Top 3 Back Exercises for Dragon Boat (Plus: Free Back Workout)

The back muscles are critical players in a stroke and thus a huge target of dryland training. We often get the questions like: 

“What are the best back exercises we can do?”

“Where should we focus our efforts?”

Without further ado, we’ve compiled the Top 3 Back Exercises to make you the best paddler you can be.

[Read until the end for a FREE back workout]

1) KB High Bench Row

This exercise is a fantastic way to strengthen the upper back; an area which often gets over looked in training. This exercise improves posture and promotes balance around the shoulder joint, helping you stay injury free.

The KB and DB variations are preferable to the barbell high bench row because they allow a greater range of motion, forcing the back muscles to work harder while maintaining mobility in the shoulders. Using the high bench also limits the amount of cheating that can occur.

Many other rowing variations are easier to cheat on; you lean back too much, use too much momentum or compensate with other body parts, ultimately redirecting the focus away from the upper back.

What you need:

– High Bench (preferable) or an adjustable incline bench

– Kettlebells  or dumbbells


How to perform:

How to implement?

The KB high bench row is normally used an accessory lift. We use this variation with a rep range between 8-25 reps and use anywhere from 3-6 sets. Upper back tends to respond to higher reps and higher volume.

2) Deadstop Single Arm Dumbbell Row (Deadstop SA DB Row)

Probably the most unconventional of the three back exercises, the Deadstop SA DB Row can be a powerful tool in your dryland arsenal. The deadstop variation improves the force you can generate from a static position.

How does this apply to you?

Well, I’m not aware of any race where you start moving. The boat always starts static and it’s up to you to bring it up to speed. The Deadstop SA DB Row will help you achieve more force in your starting strokes allowing you to reach max velocity faster so you can win the big prize.

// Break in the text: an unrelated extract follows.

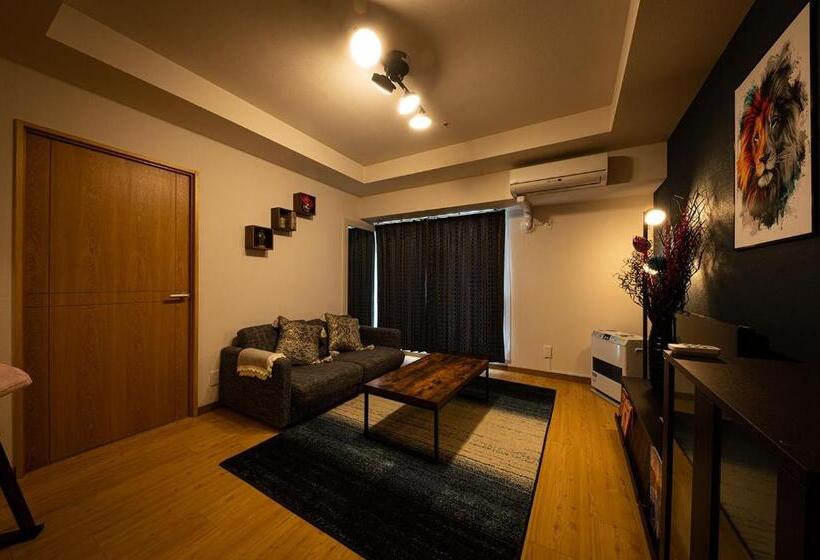 סוויטה נוף לגינה, Ams Tower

Due to the unilateral nature of dragon boat, the single arm is preferable to any bi-lateral (both sided) rows because it emphasizes symmetry between limbs. Balance is important when you want to stay healthy and strong for the entire season.

What you need:

– Adjustable or flat bench

– Kettlebells or dumbbells


How to perform:

How to implement?

The single arm deadstop row is normally used an accessory lift with an emphasis on power development. We use this variation with a rep range between 5-15 reps per side and use anywhere from 3-6 sets. We like to keep the reps a little lower because we want the focus to be on accelerating the weight off the ground rather than induce fatigue associated with higher rep ranges.

3) Pull-ups

Many people have touted and the pull-up is the king of upper body exercises. Now we don’t like to claim one exercise does it all, but the pull-up does rank pretty high up on the scale of upper body exercises.

The pull-up effectively trains all the back muscles involved in paddling and if you could only do one back exercise, this would be an excellent choice. It also requires minimal equipment and can be done almost anywhere making it the most versatile exercise on this list.

The pull-up is also a great indicator of performance, optimal body composition and strength to weight ratio. Our general guidelines for the pull-up are, men should be able to perform ten plus, and women should be able to perform at least three pull-ups.

If you aren’t at those levels yet, don’t worry it’s something you can work towards. Either you need to build some more strength, or drop some extra bodyweight. Both will help you on your quest to be a better dragon boat athlete.

What you need:

– A bar


How to perform:

How to implement?

The pull-up can be used as your main strength exercise or assistant work. We use anywhere from 1-15 reps and 2-10 sets with our athletes. The ranges are so large because there are numerous ways to implement the pull-ups. They can be done with additional weight, at bodyweight or use bands to assist you if you aren’t as proficient.

Putting it all together here is what a sample pulling day might look like.

Sample Back Workout

Pullups 4×5 + 1 AMRAP (as many reps as possible) @ Bodyweight
Deadstop SA DB Row 4×8/side
KB High Bench Row 4×15

 Hopefully this shines some light on effective pulling exercises for paddlers. These aren’t the only variations, but ones we consider will give you the biggest bang for your buck.